Vu les écritures de l’intimée, la société Cisco Systems France SARL, notifiées le 22 avril 2020 et développées à l’audience par son avocat auxquelles il est aussi renvoyé pour plus ample exposé, et par lesquelles il est demandé à la cour d’appel de':


A titre principal :


- Confirmer le jugement attaqué en toutes ses dispositions, et par conséquent :


- Constater, dire et juger que le licenciement de Mme M X repose bien sur une cause réelle et sérieuse ;


- Constater, dire et juger, que la société n’a pas manqué à son obligation de sécurité de résultat ;


- Constater, dire et juger, que Mme M X n’a fait l’objet d’aucun harcèlement ;


- Constater, dire et juger, que la convention de forfait annuel en jours de Mme M X n’encourt pas la nullité, n’a pas été exécutée de façon déloyale par la société qui n’est en rien coupable du délit de travail dissimulé ;


- Constater, dire et juger, que la société n’a pas manqué à son obligation de formation ;


- Constater, dire et juger, que la société n’a pas remis tardivement à Mme M X ses documents de rupture.
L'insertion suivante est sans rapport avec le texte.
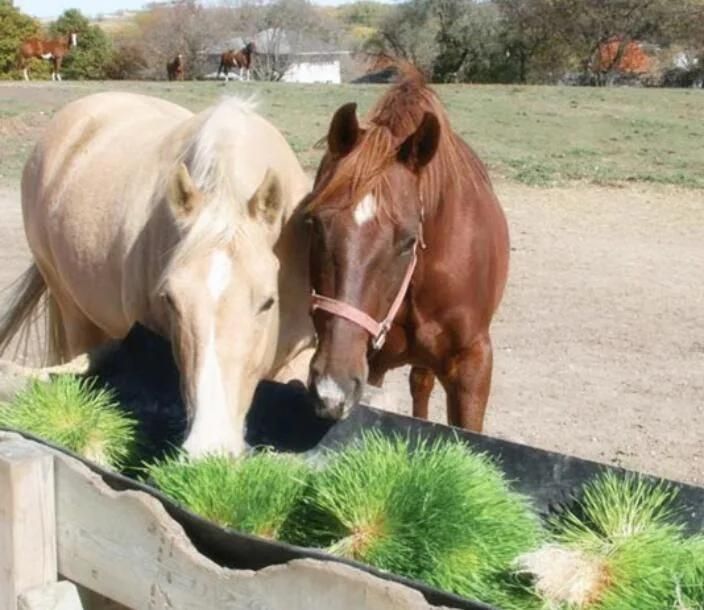 PVC Fodder Tray System for Horse Grass Livestock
- En conséquence, débouter Mme M X de l’ensemble de ses demandes.


A titre subsidiaire :


- Ramener les demandes indemnitaires formulées par Mme M X à de plus justes proportions.


A titre reconventionnel :


- Condamner Mme M X à la somme de 2 500 euros au titre de l’article 700 du code de procédure civile ainsi qu’aux entiers dépens.


En tout état de cause :


- Ramener l’ensemble des demandes indemnitaires formulées par Mme M X à de plus justes proportions ;


- Débouter Mme M X de sa demande au titre de l’article 700 du code de procédure civile et de l’exécution provisoire de la décision à venir.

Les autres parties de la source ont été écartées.